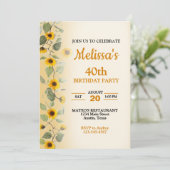 美しいひまわり誕生日パーティーへの招待 招待状 (スタンド正面)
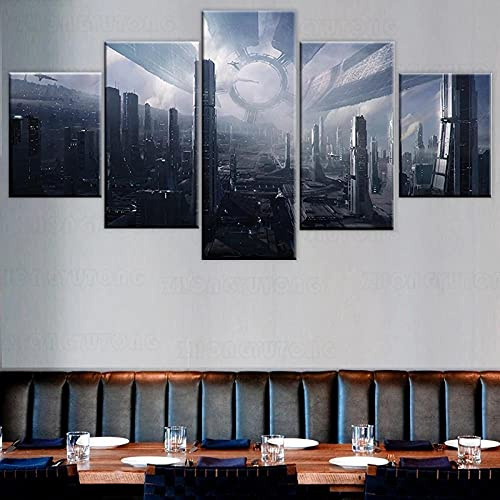 Myrdsio Citadel Mass Effect 5 Stück Tapeten Moderne modulare Poster Kunst Leinwand Malerei für Wohnzimmer Wohnkultur mit Rahmen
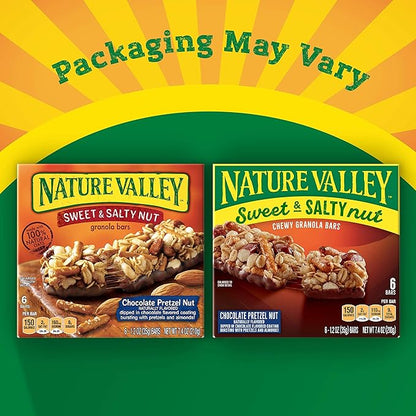 Nature Valley Granola Bars, Sweet and Salty Nut, Chocolate Pretzel Nut, 6 Bars, 7.4 oz (Pack of 12)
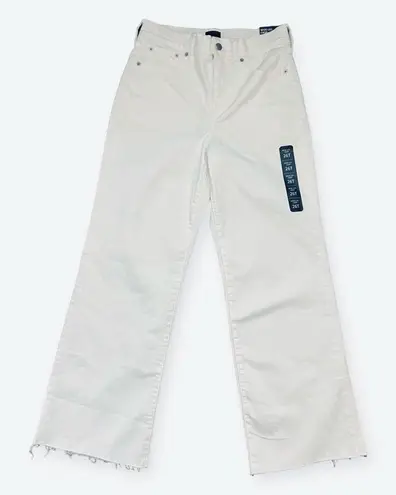 J.Crew  Womens White Wide-leg Crop Denim Jeans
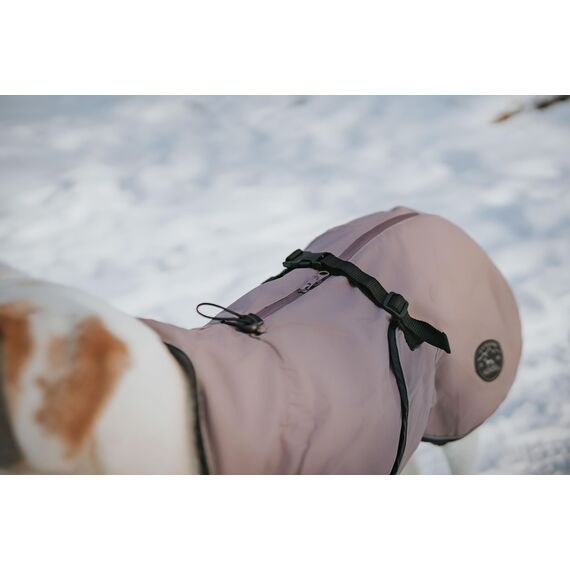 Hunter Hundemantel Uppsala, Farbe: Altrosa, 2in1 Design mit herausknüpfbarem Innenfutter, wasserabweisend, reflektierende Paspeln, geschlossene Bauchseite, optimaler Sitz, Größe: 75
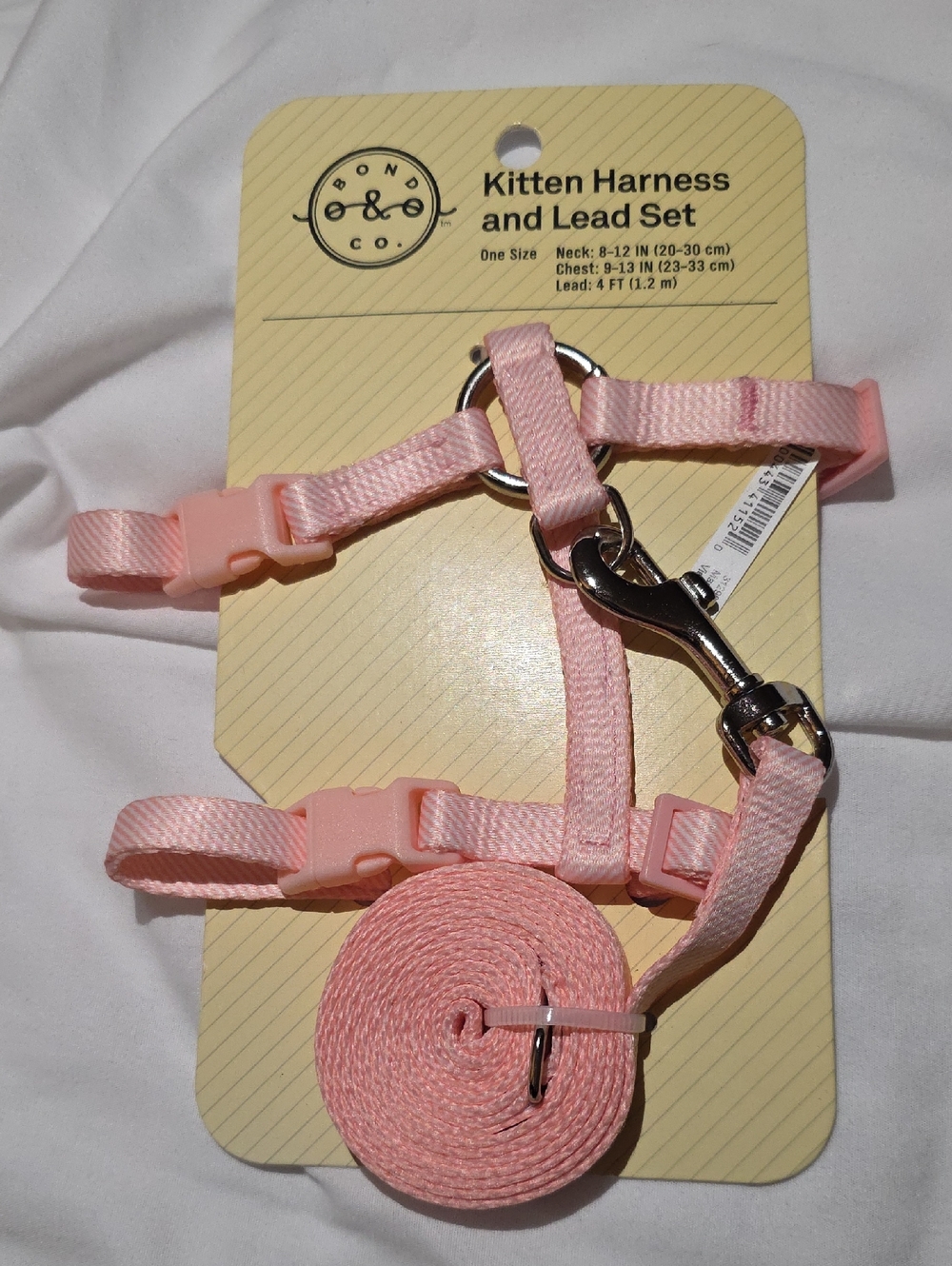 Bond & Co Pink Kitten Harness and Lead Set with Clip Neck 8-12 Inches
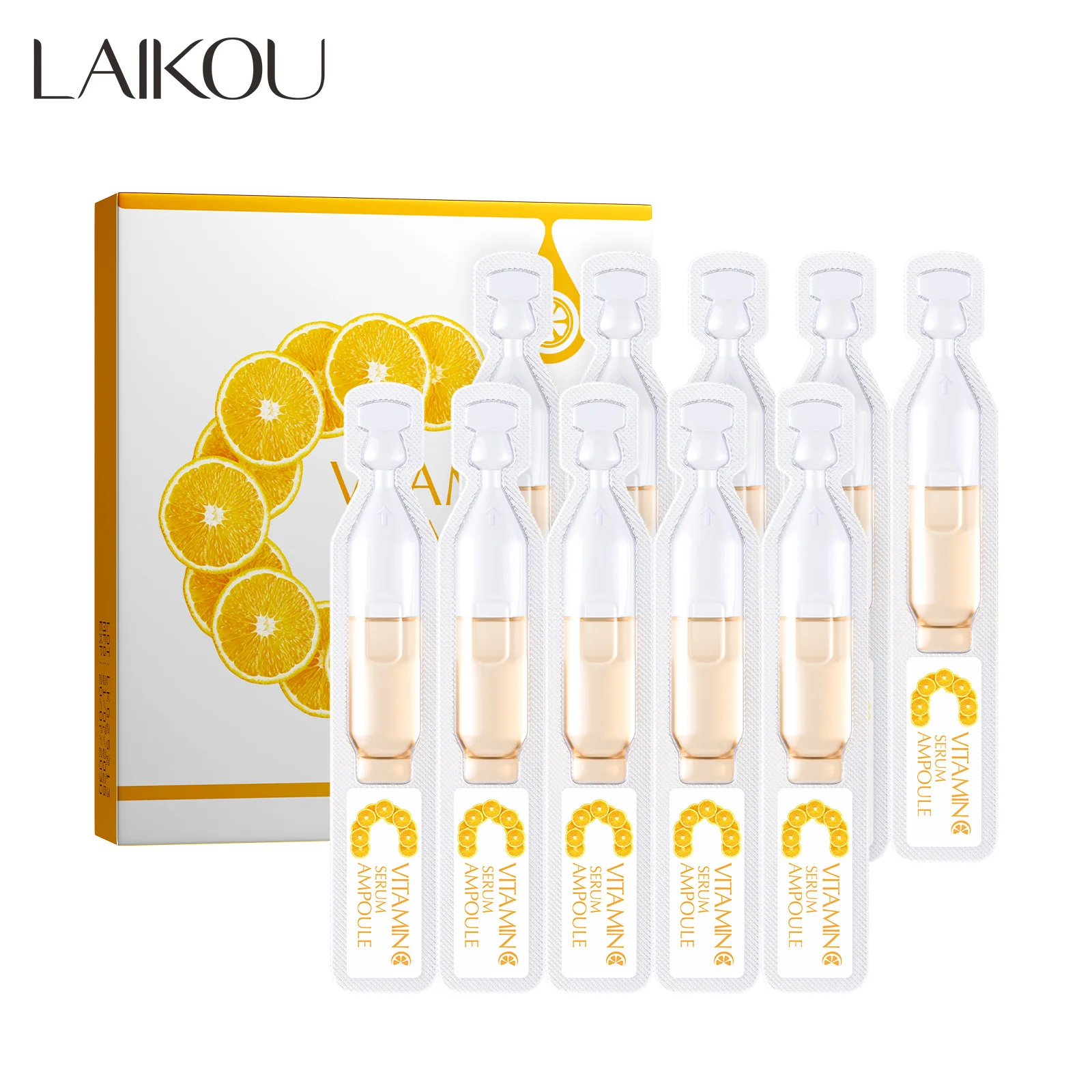 

LAIKOU Japanese Vitamin C Ampoule Essence, Brightening Repair Essence for All Skin Types, Hydrating Face Treatment 10pcs x 2ml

________________

Assignment
Write out every record above exactly, leaving no picture in the result.

Your solution
 美しいひまわり誕生日パーティーへの招待 招待状 (スタンド正面)
 Myrdsio Citadel Mass Effect 5 Stück Tapeten Moderne modulare Poster Kunst Leinwand Malerei für Wohnzimmer Wohnkultur mit Rahmen
 Nature Valley Granola Bars, Sweet and Salty Nut, Chocolate Pretzel Nut, 6 Bars, 7.4 oz (Pack of 12)
 J.Crew  Womens White Wide-leg Crop Denim Jeans
 Hunter Hundemantel Uppsala, Farbe: Altrosa, 2in1 Design mit herausknüpfbarem Innenfutter, wasserabweisend, reflektierende Paspeln, geschlossene Bauchseite, optimaler Sitz, Größe: 75
 Bond & Co Pink Kitten Harness and Lead Set with Clip Neck 8-12 Inches

LAIKOU Japanese Vitamin C Ampoule Essence, Brightening Repair Essence for All Skin Types, Hydrating Face Treatment 10pcs x 2ml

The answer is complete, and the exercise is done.